Question

If \[\alpha \] ,\[\beta \] and \[\gamma \] are the roots of the equation \[{{x}^{3}}+6x+1=0\] , how do you find the polynomial whose roots are \[\alpha \beta \] ,\[\beta \gamma \] and \[\alpha \gamma \] ?

Answer 1

Hint: The above problem can very easily be done by recalling some of the properties and equations of “theory of polynomials” and “theory of quadratic equations”. If we assume a general form of cubic polynomial equation, it will be of the form \[a{{x}^{3}}+b{{x}^{2}}+cx+d=0\] . For cubic polynomials we need to remember that the sum of the roots taken one at a time is equal to \[-\dfrac{b}{a}\] , the sum of the roots taken two at a time is equal to \[\dfrac{c}{a}\] and the product of the roots is equal to \[-\dfrac{d}{a}\].
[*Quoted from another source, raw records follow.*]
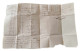 Domestic Mail - Kingdom Of Belgium 1830-1845 - Letter Miled On December 10th, 1830 From Gent To Hornu - 1830-1849 (Onafhankelijk België)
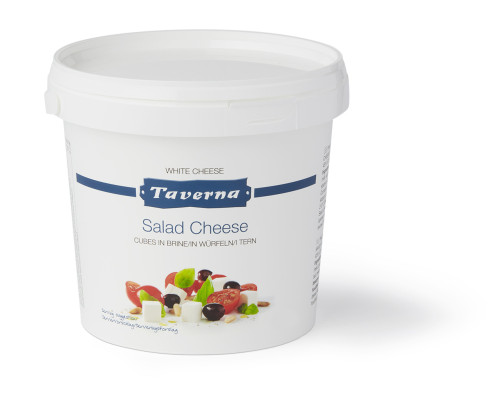 Taverna ser sałatkowy kostka 1,8kg-EURIAL(4)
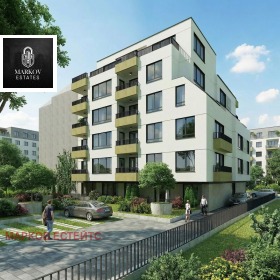 ������� 2-����� | Imot.bg � ����� ������ 3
Complete step-by-step answer:
Now, starting off with our solution, we first write down the sum of the roots taken one at a time, sum of the roots taken two at a time and product of the roots for the given equation by comparing it with the generalized equation,
Comparing we get,
\[a=1,b=0,c=6,d=1\]
Thus, using these values, we can write,
Sum of the roots taken one at a time, \[\alpha +\beta +\gamma =-\dfrac{b}{a}=-\dfrac{0}{1}=0\]
Sum of the roots taken two at a time, \[\alpha \beta +\beta \gamma +\gamma \alpha =\dfrac{c}{a}=\dfrac{6}{1}=6\]
The product of the roots, \[\alpha \beta \gamma =-\dfrac{d}{a}=-\dfrac{1}{1}=-1\]
Now, we need to find a cubic equation, whose roots are, \[\alpha \beta \] ,\[\beta \gamma \] and \[\alpha \gamma \],
Sum of the roots taken one at a time, \[\alpha \beta +\beta \gamma +\gamma \alpha \]
Sum of the roots taken two at a time,
\[\begin{align}
  & \alpha {{\beta }^{2}}\gamma +\alpha \beta {{\gamma }^{2}}+\gamma {{\alpha }^{2}}\beta \\
 & =\alpha \beta \gamma \left( \alpha +\beta +\gamma \right) \\
\end{align}\]
The product of the roots, \[{{\alpha }^{2}}{{\beta }^{2}}{{\gamma }^{2}}\]
Now, putting these values, we get from the given equation,
\[\alpha \beta +\beta \gamma +\gamma \alpha =6\]
\[\alpha \beta \gamma \left( \alpha +\beta +\gamma \right)=-1\times 0=0\]
\[{{\alpha }^{2}}{{\beta }^{2}}{{\gamma }^{2}}={{\left( -1 \right)}^{2}}=1\]
Now, since the denominator of all the R.H.S of the above equations is 1, we assume\[a=1\] . Thus from these relations we can easily write the values as \[a=1,b=-6,c=0,d=-1\] . Therefore the cubic equation transforms to \[{{x}^{3}}-6{{x}^{2}}+0x-1=0\] , which implies,
\[{{x}^{3}}-6{{x}^{2}}-1=0\] .

Note: We must be very cautious while comparing the given polynomial with the generalized form. One also has to remember the formulae for sum of the roots and product of the roots. The evaluation of the sum and product of the roots of the required equation are done using the given equation. The alternate change of sign for the sum of the roots taken one, two, three,…‘n’ at a time should be kept in mind and no mistakes regarding sign should be made.